3. The attempt at a solution

So we need to start with x₁<x₂. Now:
f(x₁)-f(x₂)=ln(x₁-1)-ln(x₂-1)=
=[tex]ln\frac{x_1-1}{x_2-1}=ln\frac{x_2-1+x_1-x_2}{x_2-1}=ln(1+\frac{x_1-x_2}{x_2-1})[/tex]
But I am stuck in here proving, so I tried:
[tex]x_1<x_2[/tex] ; [tex]x_1-1<x_2-1[/tex] ; [tex]\frac{x_1-1}{x_2-1}<\frac{x_2-1}{x_2-1}[/tex] ; [tex]\frac{x_1-1}{x_2-1}<1[/tex] ; [tex]ln\frac{x_1-1}{x_2-1}<ln(1)[/tex] ; [tex]ln\frac{x_1-1}{x_2-1}<0[/tex]
so f(x₁)-f(x₂)<0 and f(x₁)<f(x₂) and the function is monotonically increasing. Is this correct? Can I always use this method?

Thanks in advance.

HallsofIvy

It would be simplest to show that the derivative is always positive or always negative for [itex]x\ge 1[/itex]. Assuming that you are not allowed to or cannot take the derivative what you have done is perfectly valid- and very good!

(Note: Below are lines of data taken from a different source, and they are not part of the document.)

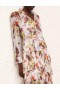 Ivory Tropical Floral Zimmermann Matchmaker Tiered Dress Dresses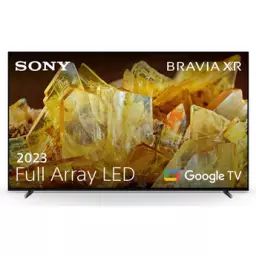 TV LED Sony BRAVIA XR  XR-55X90L  Full Array LED  4K HDR  Google TV  PACK ECO  BRAVIA CORE  Perfect for PlayStation5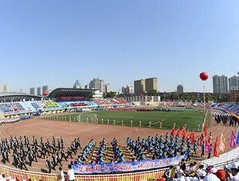 东北师大体育馆，活力四溢的体育殿堂  东北师大体育馆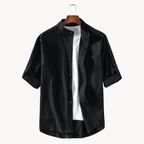 Camisa - Gola Mandarim Elegante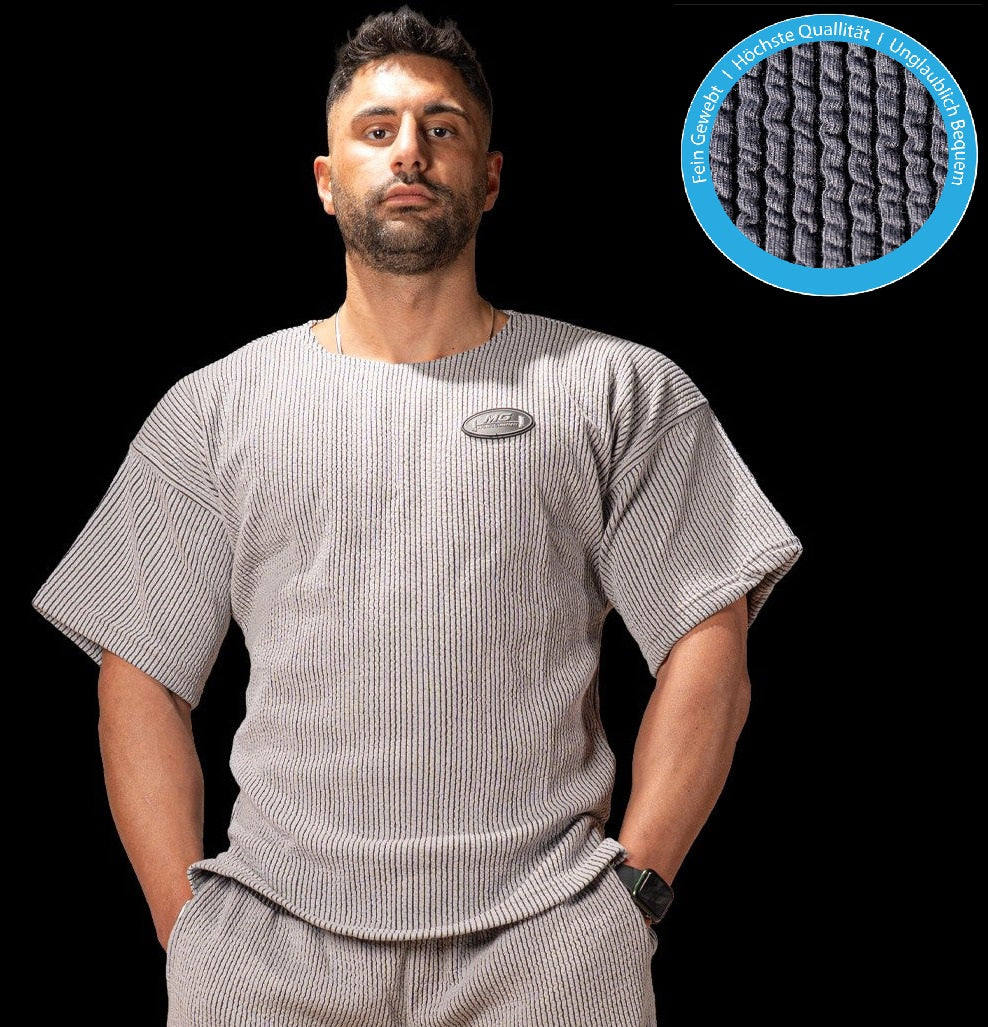 Profi Gym Shirt Bodybuilding / Fitness T-Shirt - Unisex - MG Sports Company® - S8-4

A correct proof, of course, would start with [itex]x_1< x_2[/itex], progress to [itex]ln\frac{x_1-1}{x_2-1}< 0[/itex] and then assert that [itex]ln(x_1- 1)< ln(x_2-1)[/itex].
Notice, by the way, that you need [itex]x_1>1[/itex] and [itex]x_2> 1[/itex] in order to assert that [itex]x_1-1> 0[/itex], [itex]x_2- 1> 0[/itex] so [itex]\frac{x_2-1}{x_1-1}> 0[/itex] and [itex]ln\frac{x_2-1}{x_1-1}[/itex] exists.

Дьявол

Thanks for the post. Yes, I see now that I missed the fact that x₁>1 and x₂>1 so I could used that fact that x₂-1>0 and x₁-x₂<0 so that out of here:

[tex]ln(1+\frac{x_1-x_2}{x_2-1})[/tex]

[tex]-1<\frac{x_1-x_2}{x_2-1}<0[/tex]

[tex]0<1+\frac{x_1-x_2}{x_2-1}<1[/tex]

and out of here [tex]ln(1+\frac{x_1-x_2}{x_2-1})<ln(1)[/tex]

[tex]ln(1+\frac{x_1-x_2}{x_2-1})<0[/tex]

or it would be much simple if I did:

x₁-1>0 and x₂-1>0

and

[tex]ln\frac{x_1-1}{x_2-1}[/tex]

so that

[tex]0<\frac{x_1-1}{x_2-1}<1[/tex]

and out of here [tex]ln\frac{x_1-1}{x_2-1}<0[/tex]

Дьявол

And what if I have f(x)=3^-x ?

x₁<x₂

f(x₁)-f(x₂)=3^-x₁ - 3^-x₂=1/3^x₁ - 1/3^x₂=

Now let's try with LaTeX

=[tex]\frac{3^{x_1}-3^{x_2}}{3^{x_1+x_2}}[/tex]

Out of x₁<x₂
log₃3^x₁<log₃3^x₂

Can I use this method to prove?

Now 3^x₁<3^x₂

But how to prove 3^{x₁ + x₂}>0 ? Or it doesn't need proving?

Now it turns out that f(x₁)-f(x₂)<0 and f(x₁)<f(x₂) so that the function is monotonically increasing.

mutton

It seems obvious that any power with a positive base is positive (like the multiplication of positive numbers), but you could always write this down.

Дьявол

Can somebody please help with f(x)=x-sin(x), E=(0,п)
x₁<x₂

[tex]f(x_1)-f(x_2)=x_1-sin(x_1)-x_2+sin(x_2)=x_1-x_2+sin(x_2)-sin(x_1)[/tex]

I am stuck in here. x₁-x₂<0 and if п>x>0 then 1>sinx>0.

If 1>sin(x₂)>0 ; 1-sin(x₁)>sin(x₂)-sin(x₁)>-sin(x₁₎

If [tex]x_2>x_1 ; sin(x_2)>sin(x_1) ; sin(x_2)-sin(x_1)>0[/tex]

or [tex]sin(x_1)>0 ; -sin(x_1)<0 ; 1-sin(x_1)<1[/tex] so,

1<sin(x₂)-sin(x₁)<0 and x₁-x₂<0

I got plenty of information but I don't know if I am using it correctly.

What should I do now?

Thanks in advance.